Ainsi, les déclarations d'intérêts, l'une des principales innovations qu'ils proposent de mettre en place, viseraient-elles les plus hauts cadres des collectivités d'au moins 30.000 habitants, de même que les responsables des sociétés d'économie mixte, sociétés publiques locales, groupements d'intérêt public et établissements publics. La déclaration d'intérêts serait souscrite au moment de la prise de fonctions et mise à jour chaque année ainsi qu'en cas de changement significatif de la situation de l'assujetti. Leurs déclarations ne seraient pas rendues publiques, contrairement à celles des membres du gouvernement.

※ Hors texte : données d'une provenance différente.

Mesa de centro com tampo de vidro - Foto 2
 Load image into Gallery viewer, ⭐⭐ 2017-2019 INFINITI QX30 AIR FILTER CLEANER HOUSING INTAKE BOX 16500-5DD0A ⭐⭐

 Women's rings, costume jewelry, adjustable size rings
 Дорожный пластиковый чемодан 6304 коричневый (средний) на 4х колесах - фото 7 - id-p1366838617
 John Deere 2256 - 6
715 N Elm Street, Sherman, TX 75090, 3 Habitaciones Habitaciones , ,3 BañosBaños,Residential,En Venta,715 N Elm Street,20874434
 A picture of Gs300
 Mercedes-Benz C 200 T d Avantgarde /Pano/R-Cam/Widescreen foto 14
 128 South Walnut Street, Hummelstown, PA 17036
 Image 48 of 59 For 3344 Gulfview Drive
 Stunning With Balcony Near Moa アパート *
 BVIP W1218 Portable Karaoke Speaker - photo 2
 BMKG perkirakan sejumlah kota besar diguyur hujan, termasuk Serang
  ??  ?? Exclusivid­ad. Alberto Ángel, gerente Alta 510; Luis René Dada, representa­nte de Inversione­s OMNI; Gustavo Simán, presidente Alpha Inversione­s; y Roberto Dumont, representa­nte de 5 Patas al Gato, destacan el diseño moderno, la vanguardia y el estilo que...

Incompatibilités électives

Un autre corps de propositions soumis par les magistrats vise à restreindre les possibilités de cumul de fonctions ou d'activités. L'interdiction qui est faite aux agents publics de cumuler plusieurs activités serait étendue aux collaborateurs des cabinets "tant au niveau national que local". De plus, le directeur général ou le directeur général adjoint d'un établissement public de coopération intercommunale ne pourrait pas être en même temps conseiller municipal d'une commune membre de l'établissement. Introduite par voie d'amendement parlementaire dans la loi de réforme des collectivités territoriales, la mesure avait finalement été retoquée avant même la commission mixte paritaire. Le gouvernement et l'Association des maires de France notamment s'étaient prononcés contre (lire notre article du 31 mai 2010).
Enfin, les ministres devraient renoncer à l'exercice d'un "mandat exécutif" dans une collectivité ou un EPCI. La règle avait été en vigueur sous la présidence de Jacques Chirac, avant d'être délaissée par Nicolas Sarkozy à son arrivée à l'Elysée.
Concernant la mobilité de certains agents publics ou membres de cabinets vers des entreprises du secteur privé avec lesquelles ils ont eu un lien, les magistrats estiment que le dispositif actuel, très critiqué au moment de "l'affaire" Pérol, n'est pas satisfaisant. A la place, ils proposent un régime d'autorisation préalable délivrée par une autorité indépendante et pénalement sanctionnée en cas de non-respect.
Par ailleurs, le Code pénal serait modifié afin de préciser la définition de la prise illégale d'intérêts, et cela de manière "complémentaire" à la nouvelle rédaction prévue par la proposition de loi de simplification et d'amélioration de la qualité du droit (lire notre article du 15 décembre 2010).

La transparence sur les cadeaux à l'administration

Au-delà de ces mesures qui seraient initiées par une loi spécifique ainsi que par voie réglementaire, la commission prône la construction d'une "nouvelle culture de la déontologie". Avec l'aide de "déontologues" désignés dans les administrations, des dispositifs préventifs seraient mis en place, tels que des codes de bonne conduite et des chartes de déontologie. Les cadeaux d'un montant supérieur à 150 euros devraient être déclarés et "remis à la collectivité". Des formations sur la déontologie seraient dispensées dans les administrations et les écoles du service public. Enfin, les magistrats recommandent la mise en place de "mécanismes d'alerte" permettant à un agent de signaler un risque d'infraction sans risque de sanction.
Pour faire respecter les nouvelles règles, une autorité de déontologie de la vie publique, issue de la fusion de la commission de déontologie et de la commission pour la transparence financière de la vie politique, serait créée.
L'association Transparence international France s'est félicitée de la "solidité" des mesures proposées. Mais elle a regretté, en particulier s'agissant de l'obligation de déposer une déclaration d'intérêts, qu'elles ne s'appliquent pas aux "parlementaires et aux élus des grandes collectivités". 
Nicolas Sarkozy compte demander à François Fillon de préparer un projet de loi sur la déontologie dans la vie publique "qui sera déposé au cours de cette année", a annoncé l'Elysée dans un communiqué après la remise du rapport. "Le rapport qui a été remis contient beaucoup de propositions. On va donc regarder avec les parlementaires quelles sont celles qu'on retient dans un projet de loi", a pour sa part déclaré le Premier ministre.